IPv6 is needed because IPv4 is running out of addresses to connect new users and new devices to the Internet. IPv6 solves this problem with a vastly expanded address space, but it is not backwards-compatible with IPv4. So ISPs like Comcast have to upgrade their routing, edge, , and customer premises equipment (CPE) to support IPv6. The alternative is for carriers to translate between IPv4 and IPv6 addresses, which adds latency and cost to network operations.

Upgrading a network as large as Comcast's to support IPv6 is "non trivial," Brzozowski says.

Comcast has been working on its IPv6 deployment for seven years, starting with the ability to manage its own network devices using IPv6, then migrating the company's internal network to IPv6, and now deploying IPv6 to all of its residential customers in a seamless, non-disruptive manner.

Comcast says its entire network will support IPv6 by the end of 2012.

"What we're really talking about is enabling high-speed data," Brzozowski says. "We've made sure that everything we designed, developed and deployed could support IPv6 at scale. Everything had to be the same with IPv6 as with IPv4. We couldn't put IPv6 in our customers' hands that was below par."

BACKGROUND:

Comcast's IPv6 service for home networking users is the latest in a series of IPv6-related announcements that the company has made in the last five months.

In a somewhat controversial move, Comcast is giving each of its home networking users what's called a /64 block of IPv6 addresses, which represents more than 18 quintillion IPv6 addresses or . This is a massive amount of IP addresses for techies to ponder given how long they've functioned in the address-constrained mode of IPv4.

Brzozowski said Comcast has to give a /64 set of IPv6 addresses because that's the only size of IP address blocks that CPE supports today.
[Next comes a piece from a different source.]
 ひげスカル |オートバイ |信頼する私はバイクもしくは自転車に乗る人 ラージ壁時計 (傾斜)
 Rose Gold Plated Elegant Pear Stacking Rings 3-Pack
He said Comcast will re-number its initial home gateway customers with shorter prefixes of IPv6 addresses once home gateway makers have compliant, interoperable products that support this feature.
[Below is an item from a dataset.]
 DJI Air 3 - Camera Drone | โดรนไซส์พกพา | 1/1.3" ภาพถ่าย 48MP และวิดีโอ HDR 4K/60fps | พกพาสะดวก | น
"We have no intention of staying fixed on /64s," Brzozowski said. "Our goal is to get something out sooner rather than later, then we'll go back and incrementally introduce support for shorter prefixes. Maybe later this year we will be prepared to have Version 2 of our home networking service with shorter prefixes."
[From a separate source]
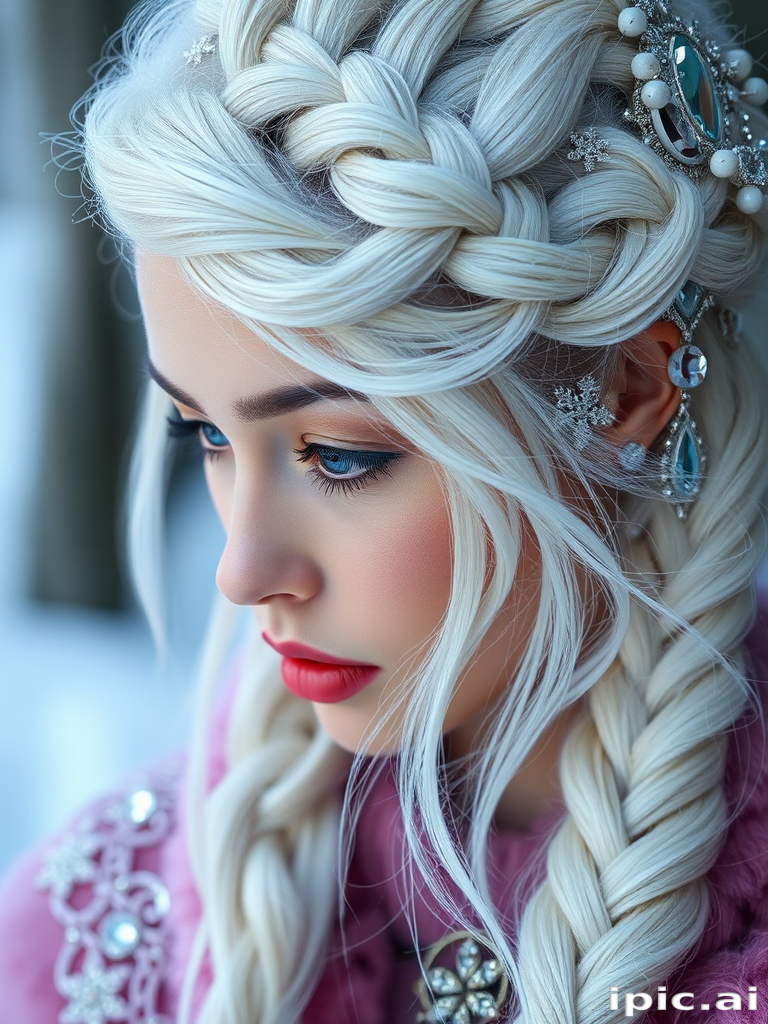 Mesmerizing close-up reveals Frost Queen platinum blonde hair, icy white strands with subtle blue undertones, styled in an intricate braided updo adorned with crystal accessories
Until recently, home gateways have been a major stumbling block for ISPs like Comcast that are trying to deploy IPv6 because the devices lacked support for the new standard. Home gateways are mini-routers with firewall capabilities that consumers use to create networks in their homes, connecting PCs, tablets, TVs and gaming systems to the Internet.

"IPv6 home networking support is generally improving," Brzozowski says, pointing out that three months ago only one home gateway model sufficiently supported IPv6 and now there are six involved in Comcast's home networking service. "The upgrade of home networking equipment is still required. Some customers may require the purchase of new hardware or a software upgrade."

Added Lee Howard, director of network technology at Time Warner Cable: "Less than 1% of home gateways have IPv6. I can't rely on home gateways, instead I have to rely on the 15% of people that have no home gateway and plug directly into cable modems for my initial IPv6 deployment."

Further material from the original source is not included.